Here’s what we track.
1. Number of phone calls per month
I know – big duh. But I talk to a surprising number of people who can’t tell me how many phone calls they’re generating from LinkedIn. This is especially true of those who are running their own program, and it’s not good because resources – time and/or money – are being invested and you should know definitively whether it’s paying off or not.
If you’re getting fewer phone calls than you expected, you likely need a tweak in one of three areas: your target audience, your messages or your offer.
2. Connection acceptance rate
This is the percentage of people who accept your invitation to connect and join your network. Unlike the days when we accepted connection invitations because it was new and interesting, now people tend to be more picky about who they connect with, and watching this number helps you tweak your 300 characters to get the best response. It will also keep you out of trouble with LinkedIn because if too many people choose to click “Ignore” on your request, LinkedIn can and will put your account on hold. This number should be especially important to you if you are, heaven forbid, using an automated app to barf out connection requests.
3. Connection-to-interest rate
This is the percentage of people who connect with you that eventually express interest in having a conversation. Connections aren’t going to do you a whole lot of good if that’s all they are. You want to have conversations, right? If you’ve done a good job of identifying your ideal prospect but your conversation interest rate is low, it’s either your offer or your messaging. Test these one at a time to avoid having too many variables.
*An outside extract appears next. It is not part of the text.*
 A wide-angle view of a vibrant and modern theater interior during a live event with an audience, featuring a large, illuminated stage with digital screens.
The same thing is true with InMail response rate. If few people are responding to your InMails, you know you are either talking to the wrong people or saying the wrong things. And you’re wasting money.
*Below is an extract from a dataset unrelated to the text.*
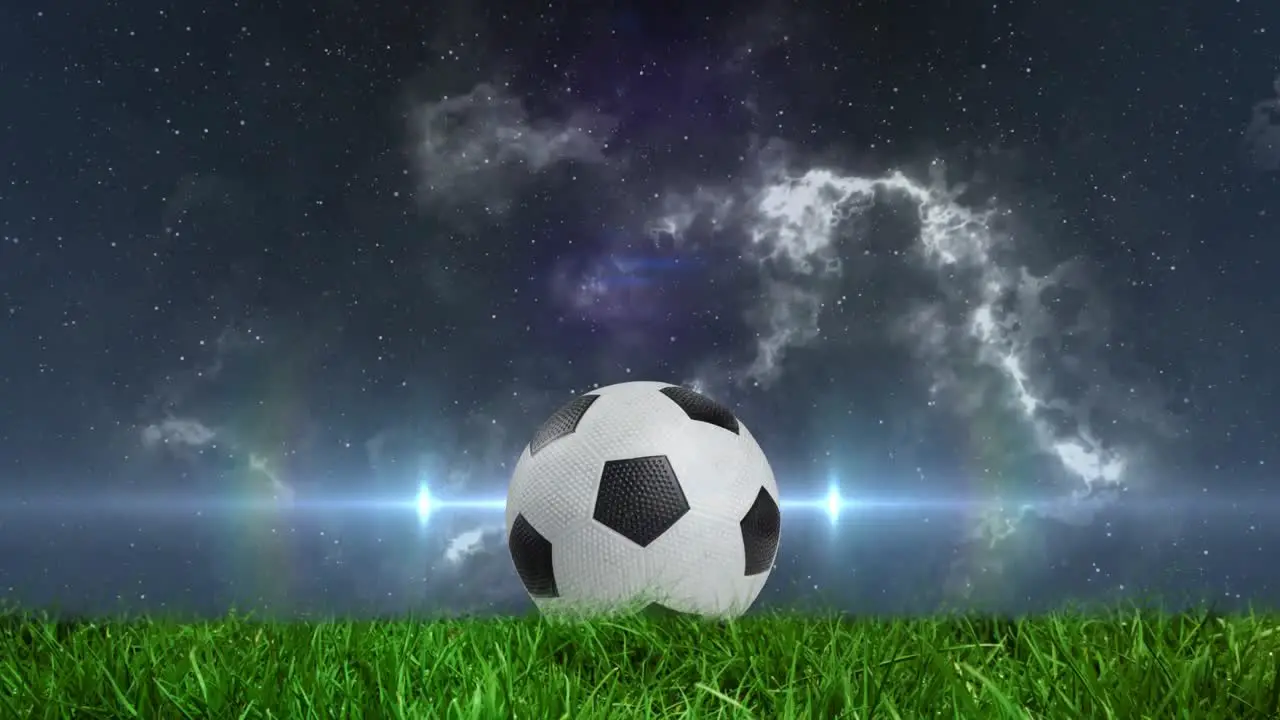 Animation of glowing light passing by football on pitch with stormy clouds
4. Conversation agreement to conversation rate
What percentage of people who say “yes” to a conversation and the conversation actually occurs? Surprisingly this is where a lot of opportunity can get lost. It’s a process issue, not a strategic one. Getting the conversation scheduled and ensuring it happens is an administrative challenge, but it’s critical to identify and fix it to maximize efficiency of your program.
5. Calls-to-opportunity rate
If you’re having conversations, but there’s no fit or opportunity, you may be talking to the wrong people. Recently a new client came to us after having spent a year with a different LinkedIn firm. His biggest complaint? Thirty-five percent of the conversations the company drove to him were with people who did not need his services and were in no position to hire him. You’re unlikely to have 100% call-to-opportunity rate, but when 35% don’t stand a chance to be qualified, you’re wasting a lot of time.
A low call-to-opportunity rate could also indicate a flaw in your sales process – which is a different problem but one you need to know about.
6. Opportunity-to-new-business rate
Finally, there is the close rate – how many opportunities become new clients. If the opportunity is real and the close rate is low, you’ll want to look at your sales process. That’s outside my area of expertise, so I recommend getting some help from a sales consultant.
I look at these numbers for ourselves and our clients on a monthly and quarterly basis. Doing so, I can quickly identify the biggest opportunities for improvement, offer recommendations for action and keep the program in top shape.